Michael Lipman was lead animation layout artist, character Designer, and animator for the game.
The plot of the game is that Carmen Sandiego has shrunk famous landmarks into crystals using the Quantum Crystallizer machine, which the player must restore to their full size. The player travels to different hideouts, and plays maths-related minigames such as Atom Smasher, Crimewave Sensor, and Microchip Decoder, which when completed provide passwords. Once the player has enough passwords, they can get keys which allow then to free crystals from the machine. The game comes with "over 400 word problems, a strategy guide, glossary of math terms and progress reports". There are 3 levels of difficulty.
The game teaches skills including: word problems, estimation, geometry, equations, modelling, whole numbers, money, fractions and decimals. These are presented as activities that help solve the game's puzzles rather than tiresome, repetitive exercises.
A description of the game Math Detective at the Learning Village says that the game is "extremely thorough on the learning front and has an engaging story line and a challenging mission", and that it is "an excellent program for those who like a challenge". It went on to say that the "program meaningfully challenges kids from the ages of 8 to 14 because it has 3 completely different operating levels of difficulty in all the math skill activity areas". A testimonial from 11-year-old Catherine, provided by the site, is "I don't really like math much but I really liked playing this game." Various other commentary on the game from the same website are: "They wouldn't put it down. I couldn't get them to bed" (Dad with two kids 9 and 12), "Loved trying to get the clue before the thief came back to the hideout" (Peter, age 10).

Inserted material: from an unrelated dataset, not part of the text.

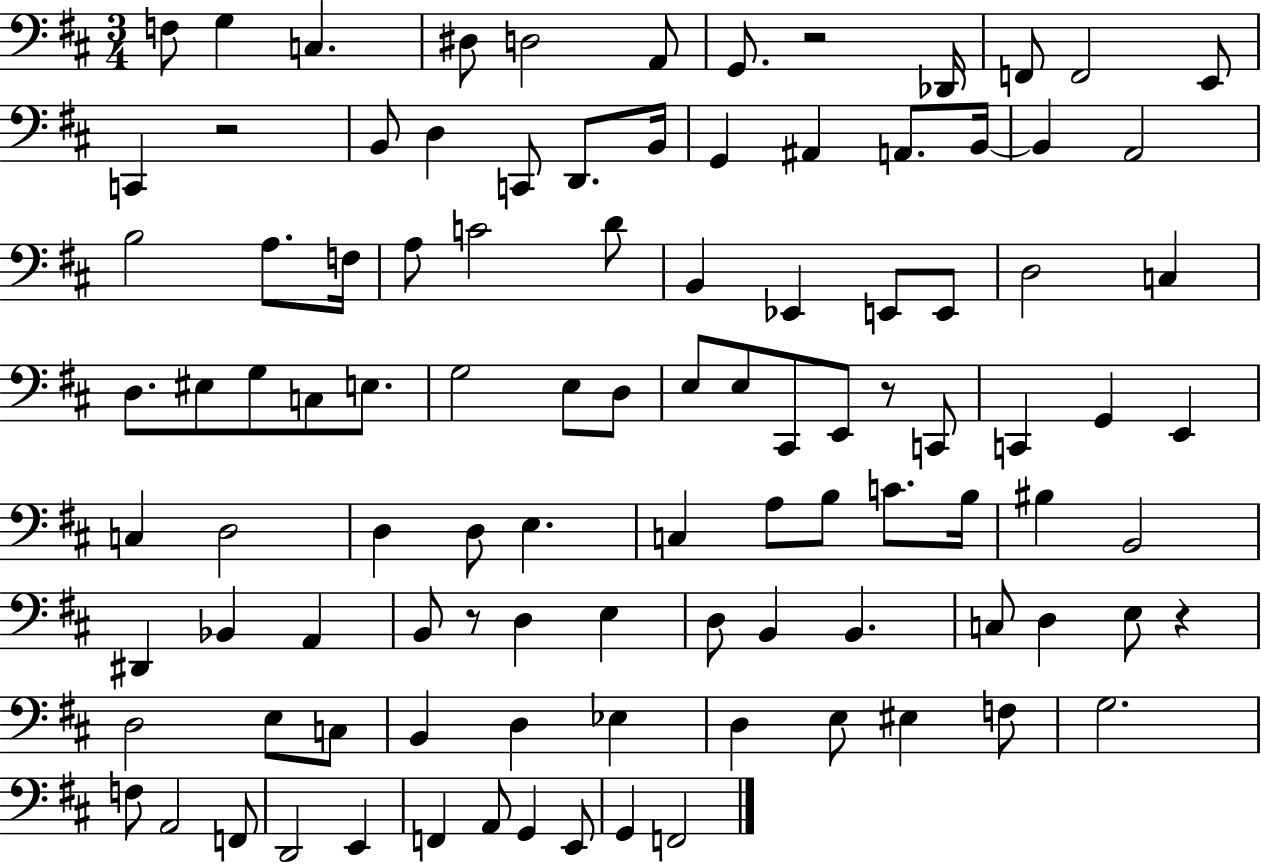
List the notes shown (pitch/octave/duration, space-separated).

A review by Superkids said the game is "best suited for kids who like to hunt for clues and solve mysteries", and argues that by being "filled with challenges to spark the emerging mathematical mind", the game makes maths accessible to those who otherwise wouldn't be engaged by the subject matter. It gave the game a score (out of 5) 4.7 for educational value, 4.9 for kids appeal, and 4.9 for ease of use.
A writer for PCWorld notes that "you soon realize that the math drills go on far too long. The crystal hideaways are bleak and dull, and you don't really seem to be catching thieves", and adds that her "eight-year-old daughter, Julia, who actually asks us to buy math workbooks, quickly gave up".

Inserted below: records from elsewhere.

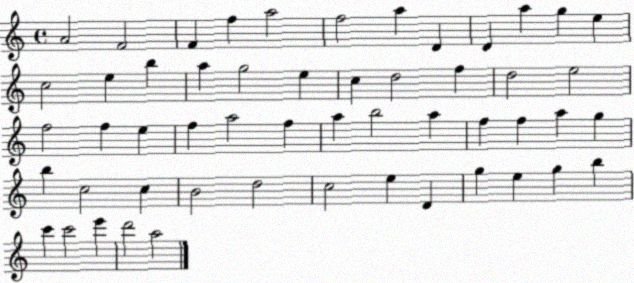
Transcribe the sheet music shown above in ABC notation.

X:1
T:Untitled
M:4/4
L:1/4
K:C
A2 F2 F f a2 f2 a D D a g e c2 e b a g2 e c d2 f d2 e2 f2 f e f a2 f a b2 a f f a g b c2 c B2 d2 c2 e D g e g b c' c'2 e' d'2 a2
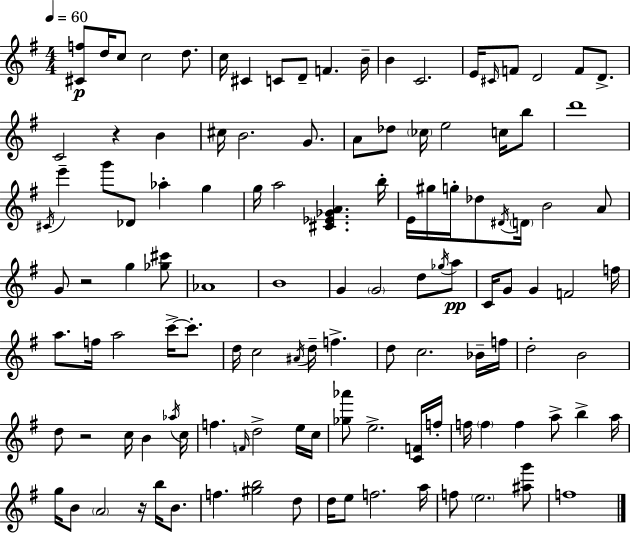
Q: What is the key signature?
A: E minor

Allgame gave the game a 4.5 star graphics rating - commenting that it was "cartoony, but extremely amusing", a 4.5 star sound rating - saying it was "ver[y] clear and easy to hear", a 4.5 star enjoyment rating - commenting that "[the] series has not lost its power to educate and amuse all at once", a 5 star replay value rating - saying "the three difficulty levels will give hours of replay" and that one minigame can be customised, and a 4.5 documentation rating - commenting the documentation "explains each game thoroughly and gives hints". Overall, the game was given an AMG Rating of 4.5 stars.
Larry Blasko of The Bryan Times said "the visuals here are top-shelf, and the animationa nd music move smoothly, with nicely places sound effects and artistic flourishes". It noted however that it was impossible to uninstall the program, which is a negative as parents often needed to rotate the edutainment games on the computer to prevent their kids from getting bored.